Choosing Machine Translation: The Trade-Off Triangle

Choosing Machine Translation: The Trade-Off Triangle

Choosing Machine Translation: The Trade-Off Triangle
October 18, 2021

Language service and e-discovery decision making is governed by a trade-off triangle of three basic business constraints: 1) quality, 2) speed, and 3) cost.

Are you looking for a low-cost solution? A fast turnaround? The highest possible quality? Well, choose two.

With any solution, these three variables sit in natural tension with each other. This blog series will navigate this trade-off triangle, explore those three variables, and take a deep dive into the consultative process wrapped around selecting the right solution and achieving maximum value from it. Our first topic: machine translation (MT).

Why Use Machine Translation

While MT might be a catch-all phrase for software-driven translation, there’s wide variation in cost, speed, and quality. The “right” option in one scenario will almost certainly be much less appropriate in another.

Take for example the following request: “I have 550 Russian documents that I need to be machine translated.”

The fact that there are 550 Russian documents is useful information, but it’s only marginally helpful in indicating the best solution among the many existing MT options. The better indicators lie a little deeper. Only once the 550-count document set is paired with its underlying circumstance and overall objective does the ideal solution come into focus.

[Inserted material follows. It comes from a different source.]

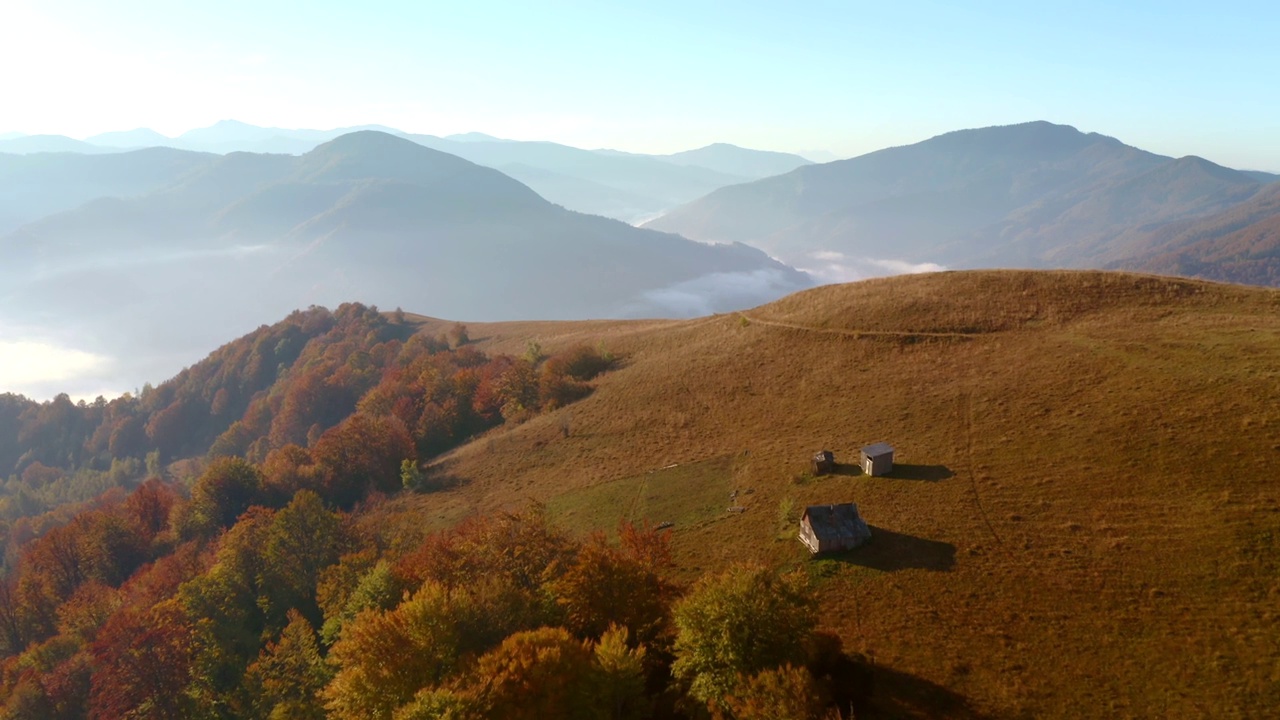 在一个阳光明媚的日子里，一架无人机飞过风景如画的秋山。视频素材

Let’s observe these three scenarios:

  1. 550 Russian first-level relevant emails pertaining to a tertiary case issue
  2. 550 Russian relevant Excels and PowerPoints needed in 48 hours (possibly with hidden content MT’ed if time allows)
  3. 550 Russian highly nuanced key case documents sent by the General Counsel

Knowing “the why” beyond a file count really helps eliminate options that won’t ultimately meet the need of the request. While we have several broad categories of MT (text, formatted, post-edited), there are many options, enhancements, and steps that can be intertwined to meet a particular budget, time, or quality requirement.

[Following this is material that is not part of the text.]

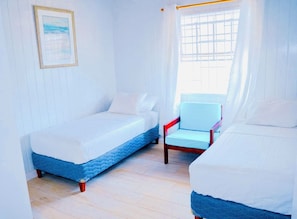 A room with two beds, a chair, and a window with curtains. - Endless Summer - by Zenbreak (Inch Marlowe)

Beyond helping narrow the options for a particular MT solution, it’s truly TLS’s language consulting that allows us to actively adjust and add options within the overarching solution to better meet the translation objective.

Mapping Out the MT Solution: Quality vs. Speed vs. Cost

Image removed.

 

Quality.

With an aim of simply gaining a broad understanding of the topics that exist within a set of emails, straight machine translation of text files is a quick, cost effective way of getting the gist. With a bit more time (and spend), that straight text MT output can be improved by building glossaries specific to the case.

However, understanding the information is not just about the words. In fact, for certain file types, a significant portion of the content’s meaning is derived from the file’s structure—so any solution must take that into account. For certain types of files, such as financial data, presentations, etc., the only recommended approach would be to translate from the native file format. But we can go further.

By default, we do not include hidden rows, columns, or sheets when delivering formatted native machine translations. If the files, however, are being produced or disclosed to opposing counsel in native format, we’d highly recommend hidden content be translated as well. This, of course, is slower and adds heavily to the time variable, but greatly increases the quality and thoroughness of review before disclosure.

Then, there are those instances where the highest quality translation is required but perhaps with a budget that cannot support a full human translation workflow. Some scenarios might include: the multi-language documents are key, and the translations are for expert review; or key documents are non-English, but the monetary value in dispute wouldn't be proportional to the cost of full human translation.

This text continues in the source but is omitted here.